Walking in the Woods, Stories of Stewardship

This is the first of a planned series of occasional posts by UVLT Stewardship staff under the theme of “Walking in the Woods.”

Finding sense of place

By Douglas Brown, UVLT Stewardship Assistant

 

It’s been an exciting seven months for me since I started work here at the Upper Valley Land Trust. I’ve gotten to visit dozens of special places, walk through working farms and forests, and meet so many amazing, passionate, dedicated people who call the Upper Valley home.

I’m lucky to be here.

One thing that has always interested me is sense of place. It is where community, economy, natural history, and cultural history converge. New England is steeped in a rich cultural history which has left windows into the past spread out across our landscape. We see this history every day in the stone walls which make up our property boundaries, in the old villages and homes we live and work in, and in the farms and forests that are characteristic to our region.

Sense of place is what we strive to protect.

An old cellar hole near the Leavitt Hill Conservation Area.

An old cellar hole near the Leavitt Hill Conservation Area.

Recently, my fellow steward, Jason, and I ventured out in Grantham , New Hampshire, in preparation for a trip we’re hosting on January 4th. We traveled through two properties that the Land Trust owns and manages, the Leavitt Hill Conservation Area and Snow Mountain. Leavitt Hill Conservation Area, a 90 acre property acquired by UVLT in 2011 with the help of the Town of Grantham, is host to a couple of old foundations, or cellar holes as we like to call them.

In fact, there are a number of cellar holes located near the property along the historic Leavitt Hill Road. The road is named after Nathaniel Leavitt who first settled in this area in the 1790’s and whose original homestead can still be found nearby. This once thriving community, which at one point had 53 Leavitt children enrolled in the school house nearby the Leavitt Hill Conservation Area, was abandoned in the late 19th century. We can only guess what reasons or opportunities pushed the Leavitts and their neighbors to move on, but like many hilltop communities in New England at this time abandonment was a trend which began when fathers and brothers didn’t return home from the battlefields of the Civil War and continued with the promise of fertile land out west to whoever could stake a claim.

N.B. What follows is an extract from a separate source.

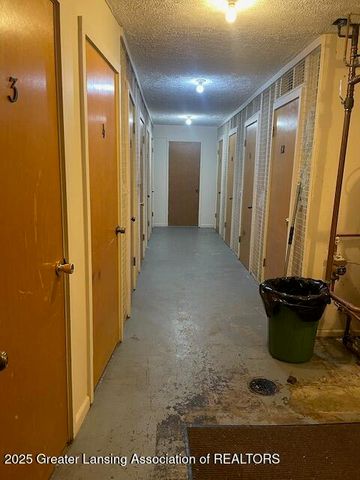 5535 W Saint Joseph Highway B3, Lansing, MI 48917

Leavitt Pond near an area once home to a thriving hilltop community.

Leavitt Pond near an area once home to a thriving hilltop community.

Snow Mountain, a 400 acre property straddling the towns of Grantham, Plainfield, and Enfield, as well as Sullivan and Grafton Counties, is host to extraordinary wildlife habitat. There are at least four wetlands complexes on the property, all in different stages of succession driven by beaver activity. The property also hosts exceptional bear habitat. We were constantly finding beech trees with new and old claw marks on their boles, and bent over branches in the canopy called ‘bear nests’. We even found a number of fresh tracks during this frigid mid-December exploration.

A scarred beech tree with a bear nest in the canopy.

A scarred beech tree with a bear nest in the canopy.

Snow Mountain and the Leavitt Hill Conservation Area lie within large tract of undeveloped and unfragmented forestland, including the 31 acre UVLT conserved Lucius Smith Lot, the 445 acre Grantham Town Forest, and the 820 acre Flewelling Sherwood Forest. These large tracts of undeveloped land are crucial for the wildlife in our region. Black bear, bobcat, and moose can require home ranges of 1,000-11,000 acres, depending on habitat quality. Conserving properties like these help guarantee that our wildlife will have the room to roam for generations, and that we will have wild places in our backyard to visit.

I’m no stranger to the natural and cultural history of New England, but I still find myself amazed at the fact that an area like Leavitt Hill, now home to many of our large, charismatic wildlife species, was once home to a thriving human community. Finding and interpreting the stories and history of our region while I’m out in the field is part of what makes this job so rewarding. Every little bit of history, every patch that I can fill in on the mosaic of our landscape, adds to my sense of place.

This is our place. We’re lucky to be here.